* [YOUR ASSIGNMENT] Output all of the records word for word and drop the images.

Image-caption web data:
....

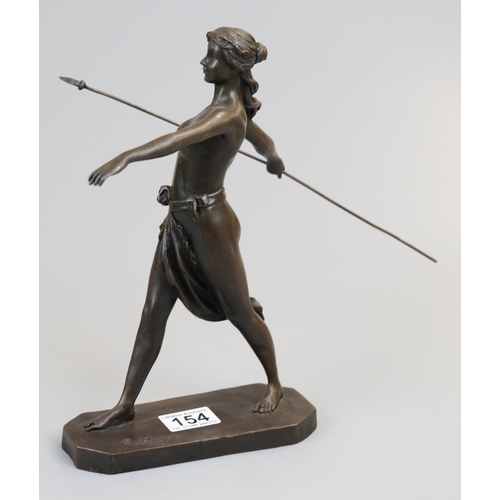 154 - Bronze nude with spear - Approx. height 29cm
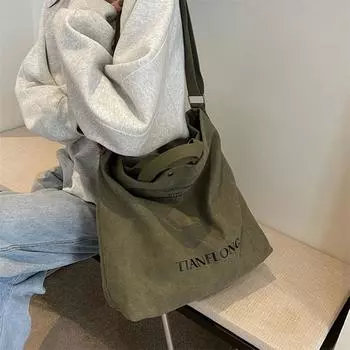 Холщовая портативная сумка-тоут, большая вместительная сумка на плечо для поездок на работу, женская сумка через плечо класса хаки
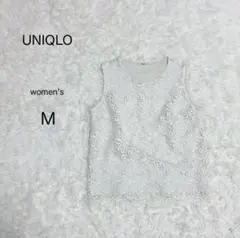 【UNIQLO】ユニクロ レースノースリーブ トップス 花柄 上品 白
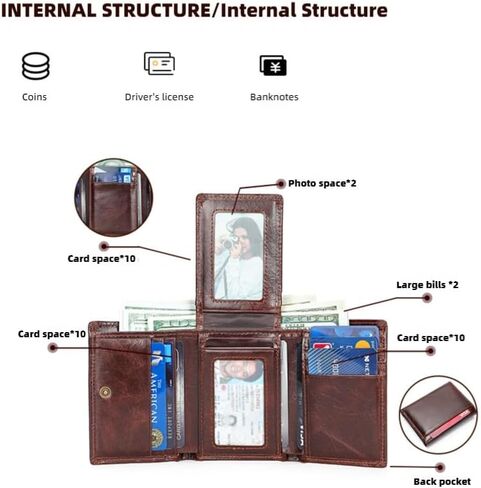 محفظة ثلاثية الطي من الجلد الطبيعي الفاخر للرجال - تقنية حجب RFID، سعة كبيرة للبطاقات والنقود، تصميم نحيف لسهولة الحمل (القهوة) in Kuwait
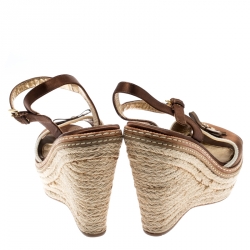 Prada Dark Brown Wedge Espadrille Bow Ankle Strap Sandals Size 36.5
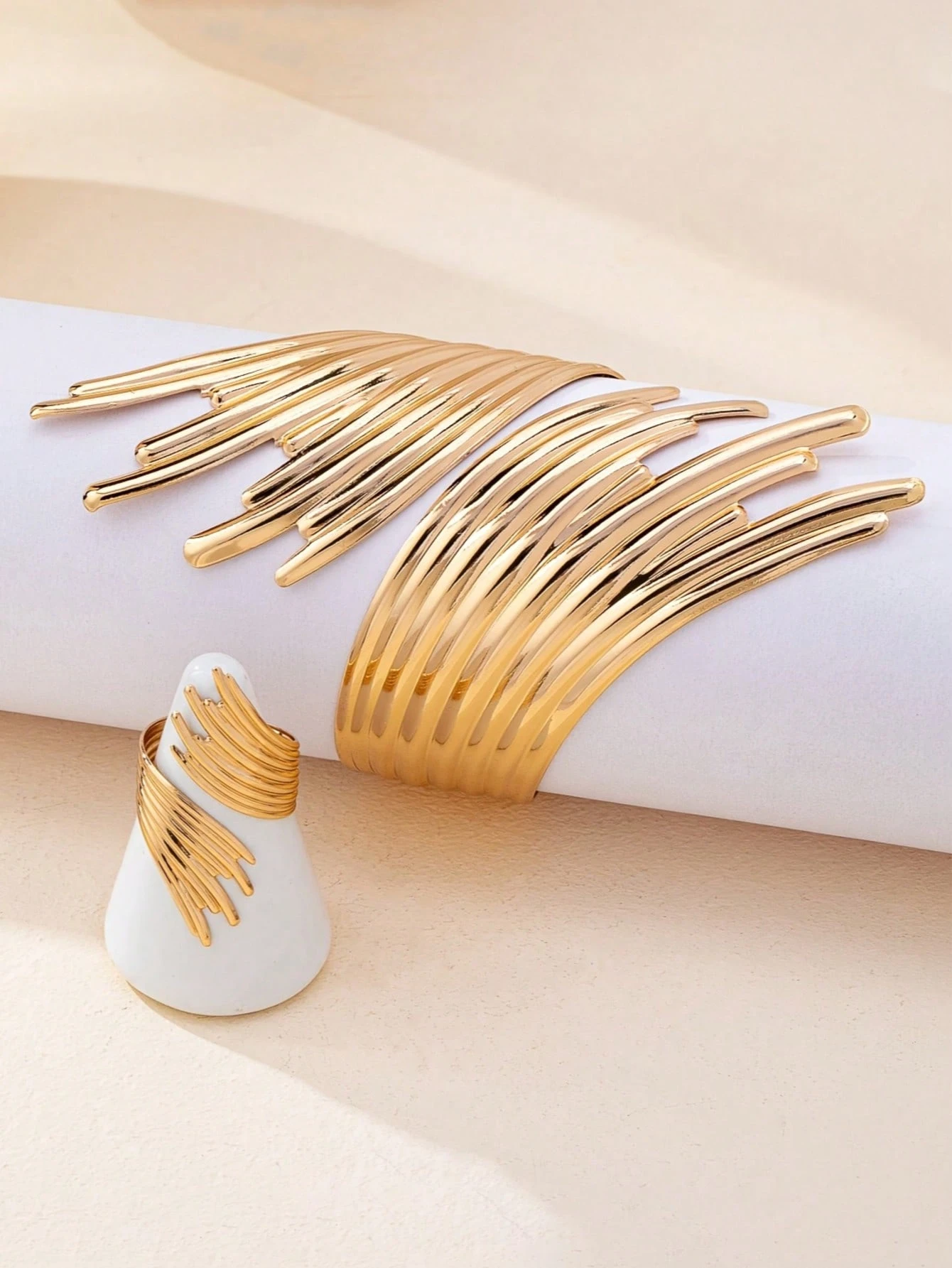 /Ensemble Bracelet et Bague à Ailes Texturées Style Européen et Américain Mode — vue 7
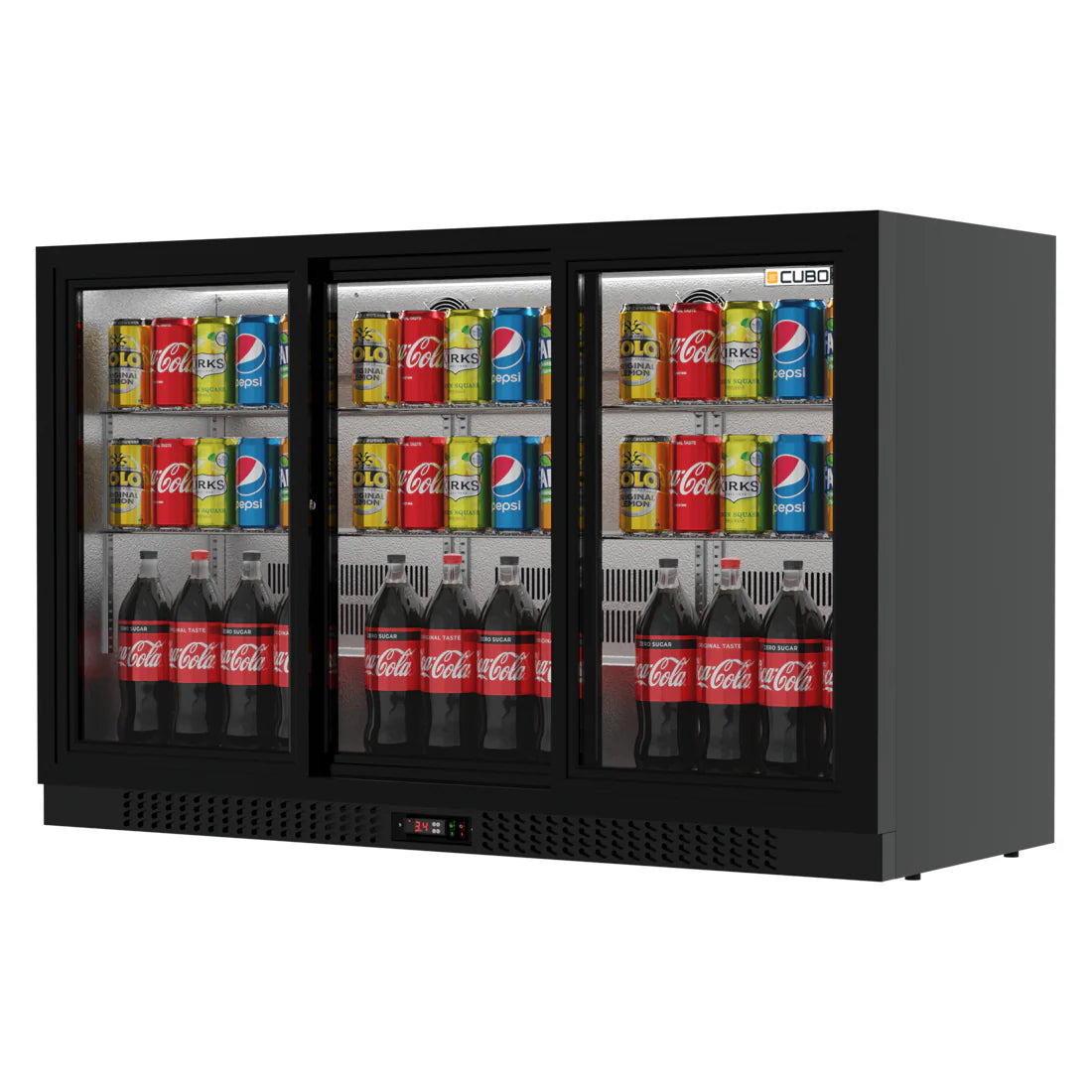 Bar Fridge 324L - 3 Sliding Glass Doors - Lockable - CS-320S-EE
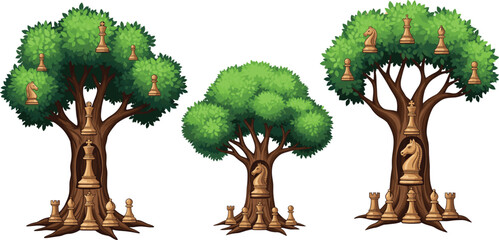 Fantasy trees decorated with chess pieces, creative surreal nature vector illustration, unique concept artwork design for strategy, imagination, abstract magical themes © MdAftab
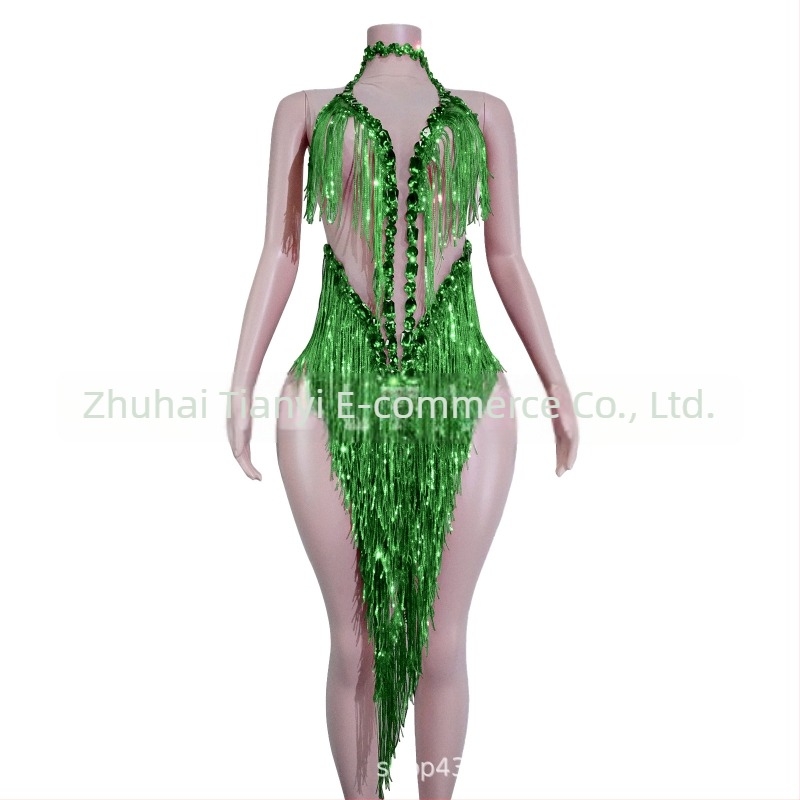 Rochie de damă din plasă cu paiete strălucitoare și franjuri – costum de scenă pentru dans latin, stil european și american, toamna 2025, amestec poliester-spandex-bumbac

....

* [REPLY]
 154 - Bronze nude with spear - Approx. height 29cm
 Холщовая портативная сумка-тоут, большая вместительная сумка на плечо для поездок на работу, женская сумка через плечо класса хаки
 【UNIQLO】ユニクロ レースノースリーブ トップス 花柄 上品 白
 محفظة ثلاثية الطي من الجلد الطبيعي الفاخر للرجال - تقنية حجب RFID، سعة كبيرة للبطاقات والنقود، تصميم نحيف لسهولة الحمل (القهوة) in Kuwait
 Prada Dark Brown Wedge Espadrille Bow Ankle Strap Sandals Size 36.5
 /Ensemble Bracelet et Bague à Ailes Texturées Style Européen et Américain Mode — vue 7
 Bar Fridge 324L - 3 Sliding Glass Doors - Lockable - CS-320S-EE
 Fantasy trees decorated with chess pieces, creative surreal nature vector illustration, unique concept artwork design for strategy, imagination, abstract magical themes © MdAftab
 Rochie de damă din plasă cu paiete strălucitoare și franjuri – costum de scenă pentru dans latin, stil european și american, toamna 2025, amestec poliester-spandex-bumbac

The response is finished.